Der Song „Give me what i want and give it to me now!“ hat Anklänge an Duke Ellington. Jazz also, etwas, was bisher kaum bei Ihnen so deutlich zu hören war.
Ganz ehrlich: Duke Ellington hat immer einen großer Einfluss auf mich ausgeübt. Ich finde Ellingtons Musik schon fast klassisch, gerade in der Orchestrierung und der Art, wie er Melodien nuancieren konnte.
Wie schwierig war es, ein Album nur mit Piano und Stimme aufzunehmen?
Mein Privatleben war während der Aufnahmen so turbulent, dass ich erst allmählich begreife, was alles passiert ist. Ich bin jedenfalls glücklich, dass mein Klavierspiel Fortschritte gemacht hat. „Songs for Lulu“ hat mir ermöglicht, meine wilde Seite am Piano eingehender zu untersuchen, von der ich bis jetzt nur ahnte, dass sie existiert.
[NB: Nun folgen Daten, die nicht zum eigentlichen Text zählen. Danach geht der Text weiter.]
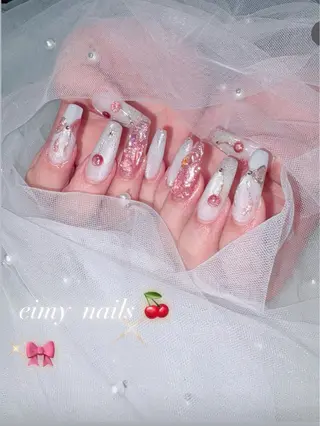 ネイル eimy nails♡のネイルデザイン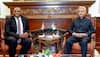 'Discussed Bangladesh, West Asia': S Jaishankar Meets UK Counterpart As Hasina's Future Hangs In Balance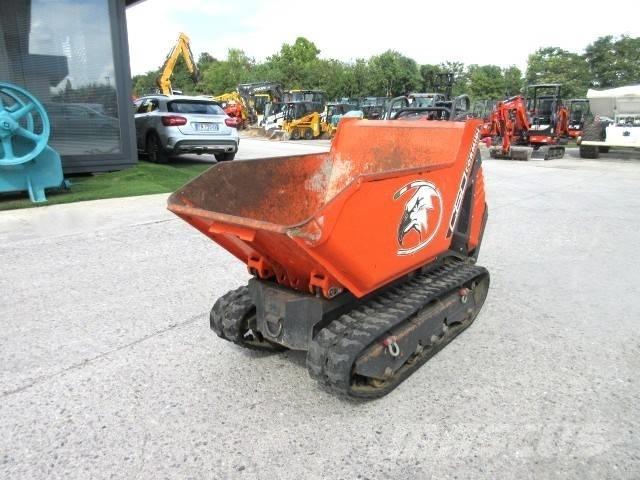 Cormidi C60 RI Mini dumper
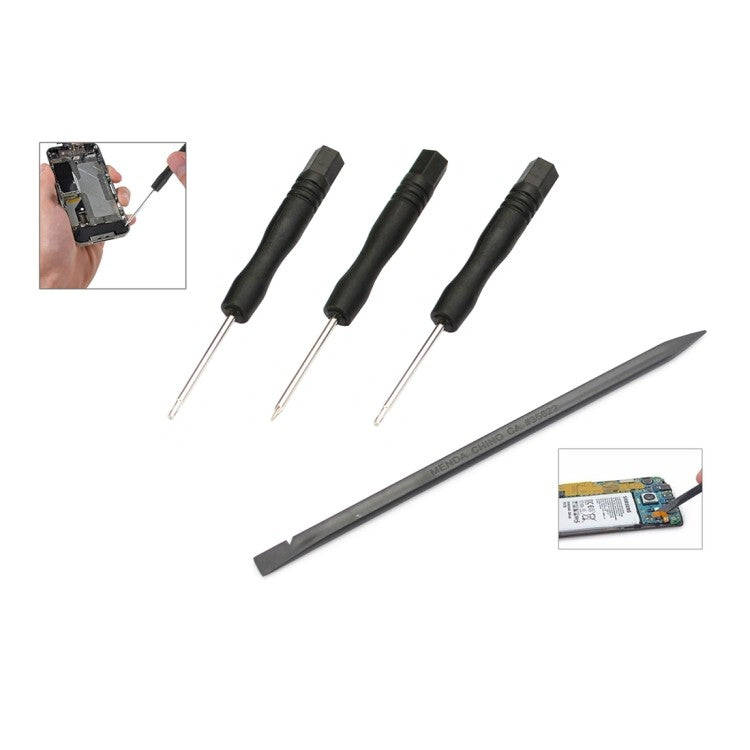 9-in-1-Werkzeugset zur Reparatur von Akku Kleber für iPhone 7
Welche Klangsituation schwebte Ihnen als Set-up für Gesang und Piano vor?
Eine wichtige Lektion habe ich von der Sängerin Brigitte Fassbaender gelernt, die meine Lieblingsversion von Franz Schuberts Liederzyklus „Winterreise“ eingesungen hat. Sie sagte einmal, es gebe bei der „Winterreise“ Sekundenbruchteile, die profunder sind als ganze Wagner-Opern. Diese kurz aufleuchtende Tiefe und Kraft, bange Momente von Intensität, Trauer und Liebe kommen im Zusammenspiel von Klavier und Gesang sehr gut zur Geltung. Dieses Zusammenspiel kann ganze Orchesterpaläste zerstören.
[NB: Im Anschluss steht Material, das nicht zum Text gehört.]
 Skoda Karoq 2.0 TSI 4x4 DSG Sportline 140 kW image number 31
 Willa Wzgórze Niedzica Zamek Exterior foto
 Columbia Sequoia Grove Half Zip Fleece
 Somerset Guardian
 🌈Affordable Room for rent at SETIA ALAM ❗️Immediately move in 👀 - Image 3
Es gibt einen Song, der Ihrer Schwester, der Sängerin Martha Wainwright, gewidmet ist. Darin geht es um den Krebstod Ihrer Mutter Kate McGarrigle. Ist das nicht Wahnsinn, als Performance-Artist sein Innerstes nach außen zu kehren und vor einem großen Publikum zu verhandeln?
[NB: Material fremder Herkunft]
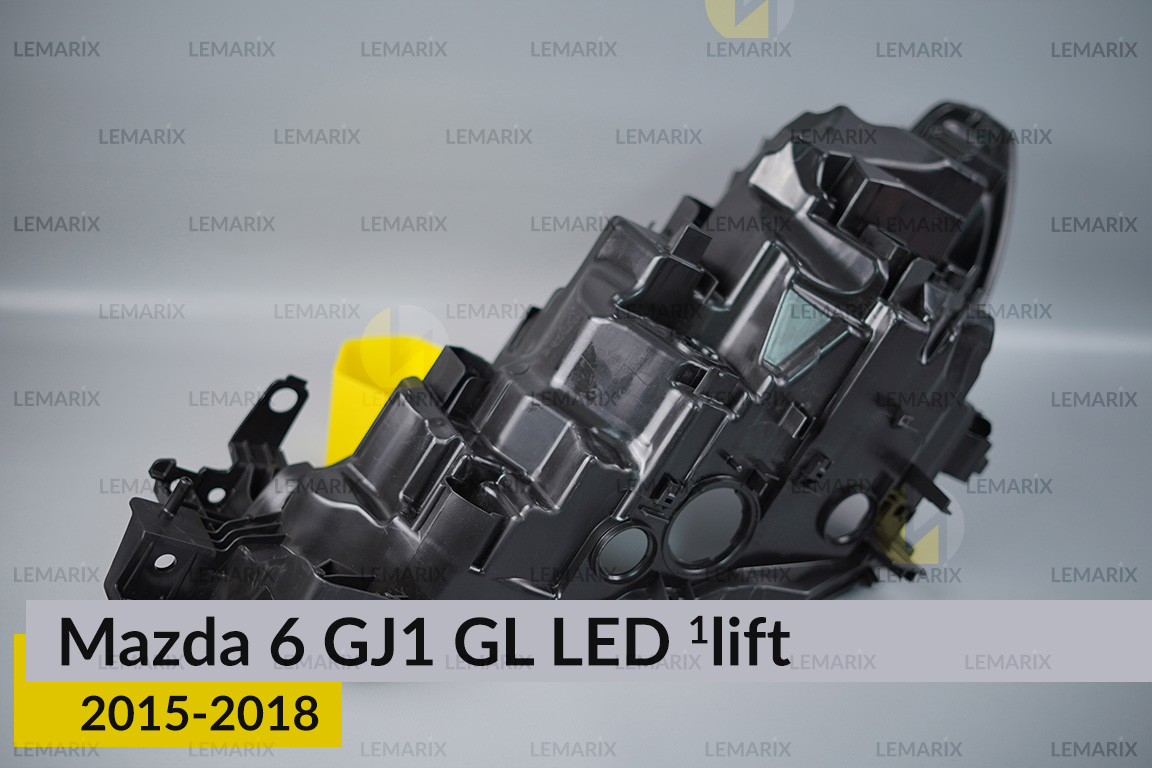 Корпус фари Mazda 6 GJ1 GL LED (2015-2018) 1 рест правий
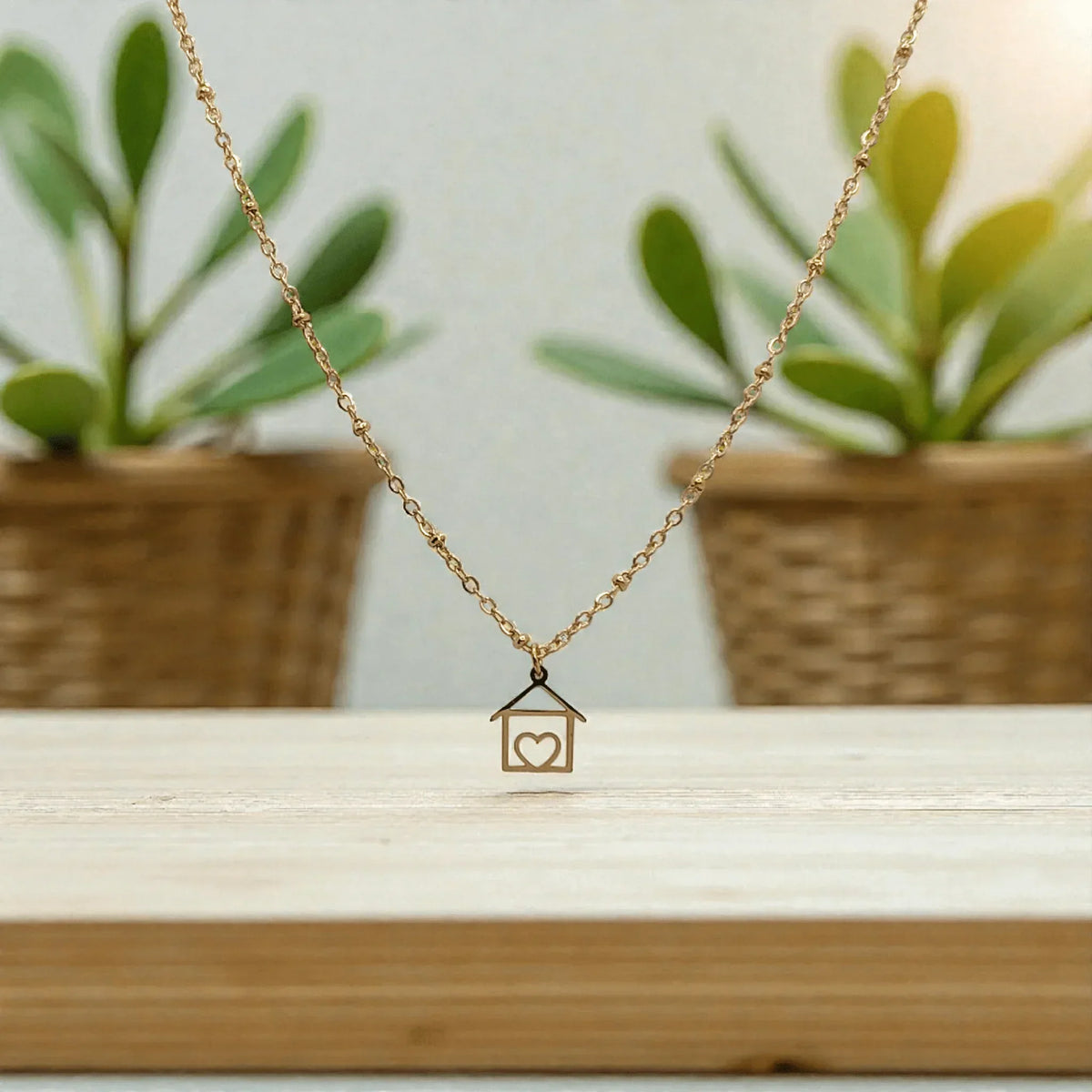 Colgante Home - AILANA JEWELRY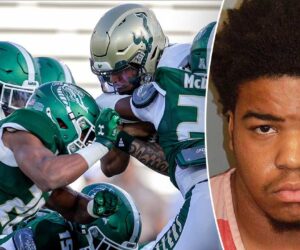 UAB player charged with stabbing teammates hours before South Florida game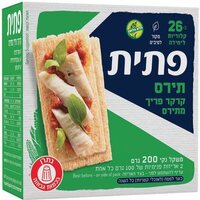 פתית תירס כשר לפסח פתית 200 גרם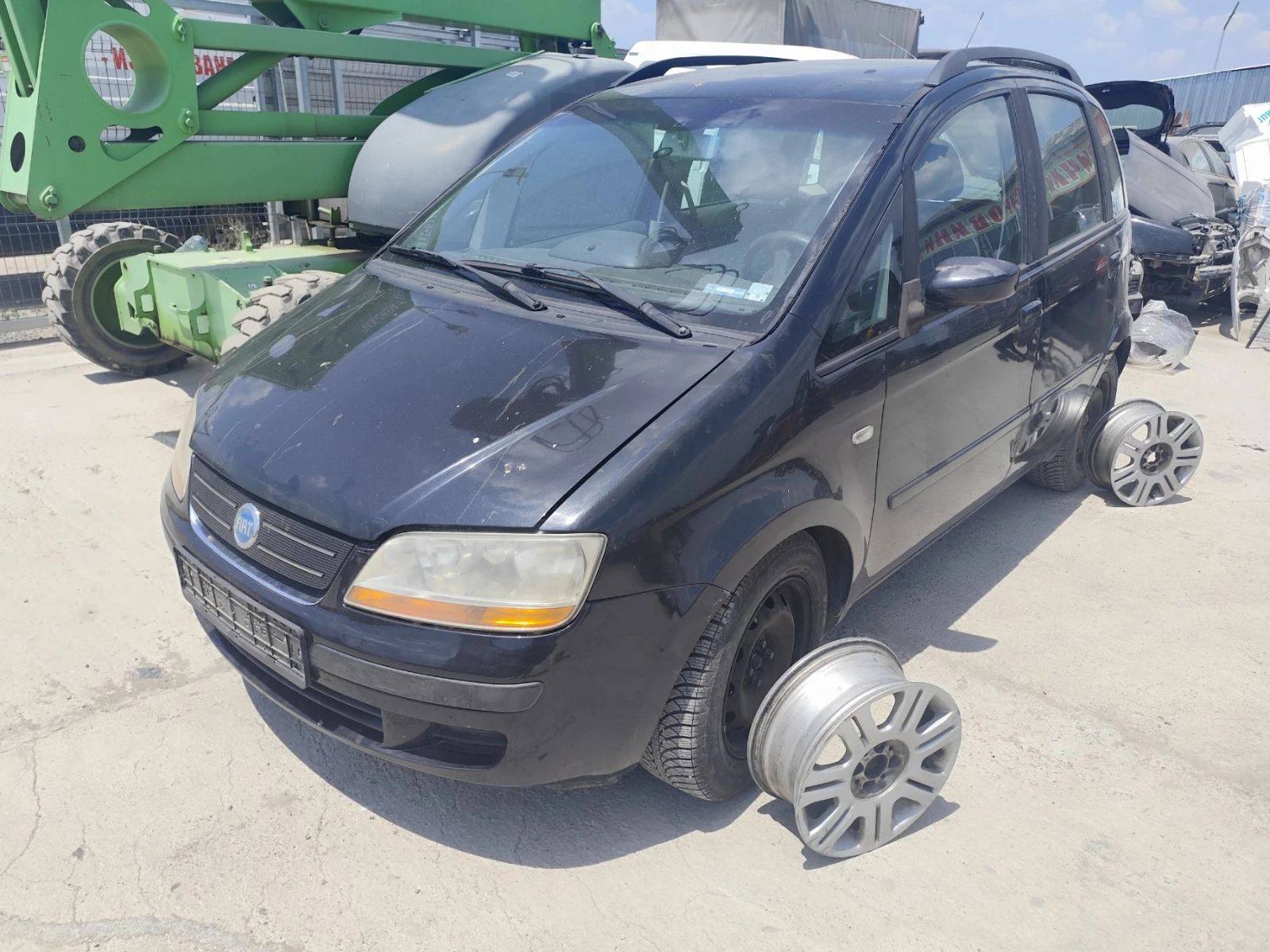 Fiat Idea 1.4 | Mobile.bg   1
Nein, zwischen mir und meiner Künstlerperson gibt es keine Grenzen. Ob auf der Bühne oder Backstage: Ich bin derselbe. Ich bewundere Performer, die diese Marlene-Dietrich-Erfahrung auf die Bühne zaubern können, bei der alles bei jedem Konzert immer an der gleichen Stelle sitzt und die Gesten genau bedacht ist. Das kann ich nicht, weil ich mir viel mehr Gedanken über meine Musik mache.
Welche Rolle spielt Musik in Ihrer Familie? Am wichtigsten ist, dass man die Gefühle erst in Worte fassen muss, damit sich die Menschen dazu verhalten. Sobald man einen Song geschrieben hat, fühlen sich die Menschen von dem Wahrheitsgehalt angezogen. Wenn man wie ich über die eigene Familie Songs schreibt, weiß das Publikum, was los ist. Das setzt mich als Komponisten wiederum in die Perspektive zu wissen, wo ich bin.
Wie viel Traditionalismus hat das Wort Familie für Sie? Gar keinen. An meiner Familie war nichts konventionell. Vielleicht die Seite meines Vaters Loudon Wainwright III, der nun wieder verheiratet ist und ein kleines Kind hat. Wir Kinder sind bei meiner Mutter in Montreal aufgewachsen, sie war ein echter Bohemien und lebte anders als die Nachbarn. Gott sei Dank.
Warum beginnen Sie Ihr neues Album mit einer Ode an New York?
New York ist meine Heimatstadt. Ich lebe dort mit meinem Freund Jörn Weissbrodt, wir haben uns ein Haus am Meer gekauft und beschlossen, New York zu unserem Lebensmittelpunkt zu machen. Ich bin sehr oft auf Tournee, kann also nicht so oft in New York sein, wie ich mir wünsche.
Die alte Garde der Songwriter dankt ab, sehen Sie ein Bedürfnis, Ihre Errungenschaften weiterzutragen, oder rebellieren Sie eher gegen diese Tradition? Ich finde, dass man die Kultur als Ganzes voranbringen muss. Vor allem in den USA. Obama ist jetzt US-Präsident, aber wir brauchen eine Renaissance im ganzen Land. Wenn es etwas bringt, würde ich dafür sogar im Weißen Haus vorsingen.